By late 2006, the town, the developer and Torti Gallas were holding monthly technical workshops, developing an alternative that was presented on Dec. 19 and amended in January. While the new plan went a long way toward meeting the town board’s requirements, the board informed the Benjamin Companies in February that it did not go far enough.

“We were very disappointed, very frustrated,” Michael D. Zarin, a lawyer for the developer, said in an interview. He said: “You can’t come into this thing with preconceived notions. You can’t say, ‘We did zoning in 1999; this is what we want,’ and leave it at that. A partnership means you work together, you clean the slate some, you engage in hard, good planning and then you do what you need to do to make a successful and feasible project.”

But Jill Way, 50, a lifelong resident who has served as the elected town supervisor since 1996, said, “The town board owes it to citizens to try to get what they’re asking for.”

Ms. Way, who presides over a five-member board that includes two Corrections Department employees, a college professor and the owner of a tree service, said the current plan, with nearly 1,400 housing units (more than half would be within a half-mile of the train station), includes too much housing and not enough commercial space to attract the “destination retailers” and economic benefit the board has in mind.

She said too few of the housing units are reserved for older people — who, without young children, cost towns less. The plan includes too many “hamlet centers,” splitting the community in parts, she said. A long, looping road fragments the wildlife habitat; there are homes on slopes, and too many of the old buildings would be demolished rather than reused, she said.

Mr. Zarin countered that clustering even more of the housing around the train station would produce a neighborhood that would be too dense. He said market analyses showed there is not enough demand to support more commercial space yet, and there is neither the population size nor the demographic characteristics needed to attract destination stores.

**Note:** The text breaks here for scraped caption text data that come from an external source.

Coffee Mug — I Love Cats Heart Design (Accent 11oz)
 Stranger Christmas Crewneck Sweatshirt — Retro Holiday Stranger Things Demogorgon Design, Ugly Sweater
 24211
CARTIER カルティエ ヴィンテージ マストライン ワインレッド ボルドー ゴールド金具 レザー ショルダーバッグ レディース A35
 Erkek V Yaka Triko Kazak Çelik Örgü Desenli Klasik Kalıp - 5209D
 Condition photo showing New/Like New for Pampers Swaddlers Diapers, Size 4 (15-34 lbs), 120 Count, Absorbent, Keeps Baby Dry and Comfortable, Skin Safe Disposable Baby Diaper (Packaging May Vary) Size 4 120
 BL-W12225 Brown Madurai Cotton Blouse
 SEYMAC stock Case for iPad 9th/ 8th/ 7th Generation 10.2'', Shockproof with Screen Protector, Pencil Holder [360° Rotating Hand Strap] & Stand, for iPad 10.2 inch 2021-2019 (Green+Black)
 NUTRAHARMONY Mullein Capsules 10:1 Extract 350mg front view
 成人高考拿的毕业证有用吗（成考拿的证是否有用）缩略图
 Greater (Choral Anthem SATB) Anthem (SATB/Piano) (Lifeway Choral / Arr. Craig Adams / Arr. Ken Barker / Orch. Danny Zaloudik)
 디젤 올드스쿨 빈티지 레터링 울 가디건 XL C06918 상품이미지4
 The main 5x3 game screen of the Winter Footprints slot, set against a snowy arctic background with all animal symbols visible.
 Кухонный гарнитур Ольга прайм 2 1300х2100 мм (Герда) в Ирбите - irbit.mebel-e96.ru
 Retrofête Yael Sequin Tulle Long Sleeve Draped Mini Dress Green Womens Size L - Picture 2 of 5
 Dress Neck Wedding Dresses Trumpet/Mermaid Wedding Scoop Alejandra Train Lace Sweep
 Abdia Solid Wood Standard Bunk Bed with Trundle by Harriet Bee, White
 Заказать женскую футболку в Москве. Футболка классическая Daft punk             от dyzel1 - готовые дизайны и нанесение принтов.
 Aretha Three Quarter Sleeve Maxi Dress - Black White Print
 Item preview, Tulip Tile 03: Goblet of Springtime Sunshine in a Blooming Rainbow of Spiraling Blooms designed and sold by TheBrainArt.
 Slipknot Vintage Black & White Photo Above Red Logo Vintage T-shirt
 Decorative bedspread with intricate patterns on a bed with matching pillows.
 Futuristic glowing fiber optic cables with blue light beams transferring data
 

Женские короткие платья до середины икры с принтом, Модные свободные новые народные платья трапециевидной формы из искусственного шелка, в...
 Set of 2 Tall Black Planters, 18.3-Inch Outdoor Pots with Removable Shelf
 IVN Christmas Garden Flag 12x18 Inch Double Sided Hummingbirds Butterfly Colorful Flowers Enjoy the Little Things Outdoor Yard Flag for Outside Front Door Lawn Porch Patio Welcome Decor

Market analysis also showed there is insufficient demand for “three-story walk-up townhouses” to justify renovating more of the existing buildings, said Russell A. Mohr, vice president of real estate development for the Benjamin Companies. Nor is there enough demand among people over 55 to justify increasing the percentage of the housing that would be age-restricted, he said.

One big fear on the part of the town board is that the developer might start with the easiest part, building single-family homes in outlying open space, then quit before doing the rest. The developers, however, say the infrastructure costs for the open areas are so high, they cannot “make a penny” until they redevelop the center, too.

The developers have repeatedly taken their case to the public in meetings, open houses and color brochures, most recently featuring a dreamy scene of life at what they call the Knolls of Dover. The announcement of a meeting in late February at the high school cafeteria began, “Dear Neighbor: We know you are very frustrated with the slow progress in redeveloping the former Harlem Valley Psychiatric Center in Wingdale. So are we.”

Ms. Way, up for re-election this fall along with two other members of the town board, said, “There is a concerted effort to apply public pressure and political pressure to this town board right now because we have a huge election coming up.” She accused the developer of trying to divide the town, a place where she said she intends to continue living long after the developers leave.

Barbara A. Clay, a lawyer for MasterCard International who moved to Dover in 2001, said public opinion is mixed. Meetings about the project have drawn hundreds of residents.

“The bulk of people don’t understand and want answers,” she said. “Some people are on the side of the developer because no one has done anything in 10 years. The developer is definitely playing the public. The town board is afraid they’ll get run out of town. I feel bad for them. Because they’re holding the line.”